El viento parecía que iba a arrancar las ventanas y la lluvia no hacía más que acrecentar mi angustia sobre cuál sería el final de los cristales. La ambientación era, sin duda, la de una película de terror. Yo estaba esperando a que alguien irrumpiese en mi cuarto con un hacha o una ráfaga de viento dejase circular el frío por toda mi habitación, caldeada a conciencia para combatir las bajas temperaturas del invierno.
No podía dormir. La angustia solo provocaba en mi ganas de comer, lo que sería un problema para mi bienestar al día siguiente pero, sin saber cómo… caí rendida en los brazos de Morfeo.
Soñé con un lugar donde no recordaba haber estado, pero era una vieja conocida allí.

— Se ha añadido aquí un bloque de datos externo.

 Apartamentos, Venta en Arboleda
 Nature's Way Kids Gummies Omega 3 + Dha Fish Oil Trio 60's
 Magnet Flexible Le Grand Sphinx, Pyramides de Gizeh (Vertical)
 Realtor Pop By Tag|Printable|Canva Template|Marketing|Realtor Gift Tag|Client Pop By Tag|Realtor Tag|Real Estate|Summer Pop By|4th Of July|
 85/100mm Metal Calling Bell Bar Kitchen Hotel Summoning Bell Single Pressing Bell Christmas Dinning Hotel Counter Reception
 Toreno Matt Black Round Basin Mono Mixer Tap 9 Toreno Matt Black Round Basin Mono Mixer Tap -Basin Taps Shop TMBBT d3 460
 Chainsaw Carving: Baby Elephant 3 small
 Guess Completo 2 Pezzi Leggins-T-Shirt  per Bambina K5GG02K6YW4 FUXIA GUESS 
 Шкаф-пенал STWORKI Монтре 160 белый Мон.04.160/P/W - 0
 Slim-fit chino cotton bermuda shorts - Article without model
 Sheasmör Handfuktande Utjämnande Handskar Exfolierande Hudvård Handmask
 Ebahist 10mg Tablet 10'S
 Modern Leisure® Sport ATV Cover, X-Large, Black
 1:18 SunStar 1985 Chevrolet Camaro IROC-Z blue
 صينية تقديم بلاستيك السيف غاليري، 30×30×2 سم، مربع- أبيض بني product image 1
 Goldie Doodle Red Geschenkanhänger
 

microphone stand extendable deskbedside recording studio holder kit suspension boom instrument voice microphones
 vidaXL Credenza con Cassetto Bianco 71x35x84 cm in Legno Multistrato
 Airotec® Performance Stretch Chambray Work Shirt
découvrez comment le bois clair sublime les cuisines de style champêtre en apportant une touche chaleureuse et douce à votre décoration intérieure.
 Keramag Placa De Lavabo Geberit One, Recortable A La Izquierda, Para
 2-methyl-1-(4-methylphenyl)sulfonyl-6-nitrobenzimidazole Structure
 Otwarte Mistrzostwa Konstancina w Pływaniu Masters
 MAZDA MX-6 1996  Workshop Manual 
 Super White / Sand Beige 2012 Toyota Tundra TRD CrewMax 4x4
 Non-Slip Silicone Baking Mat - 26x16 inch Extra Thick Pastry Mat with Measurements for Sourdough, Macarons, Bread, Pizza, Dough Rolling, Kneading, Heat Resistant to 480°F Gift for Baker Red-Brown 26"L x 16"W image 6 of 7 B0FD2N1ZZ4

La angustia provocada por el viento y la lluvia en los minutos previos a la ensoñación volví a revivirlos cuando no me dejaron acceder al edificio donde se encontraban mis maestras, mis guías. Nadie me creía, nadie me dejaba acceder al recinto hasta que vi a una de ellas y pude gritar su nombre.
Me abrieron la verja y la puerta. Una escalera me dio acceso hasta el piso donde estaba una de ellas. No recuerdo su nombre, solo recuerdo su abrazo, su cariño y su calor… ¡Tan reconfortante qué hubiera vivido en sus brazos!
Allí solo había mujeres con problemas reales, es decir, a la vista de todo el mundo: madres solteras, mujeres violadas, niñas sin hogar… Víctimas de la vida, del destino o de la suerte.
Mis angustias solo derivaban de los sentimientos. De sentimientos no tejidos con agujas de amor. De agujeros que no se zurcieron por manos expertas.
No eran menos importantes pero sí más fáciles de disimular. Las lágrimas del alma no limpian las heridas que las personas causaron en ella. Las riegan. Y si no sabemos cultivar flores donde solo crece maleza, el viento y la lluvia seguirá soplando tristezas en tu corazón hasta que tú decidas que ya ha llegado la hora de que salga el sol en tu vida.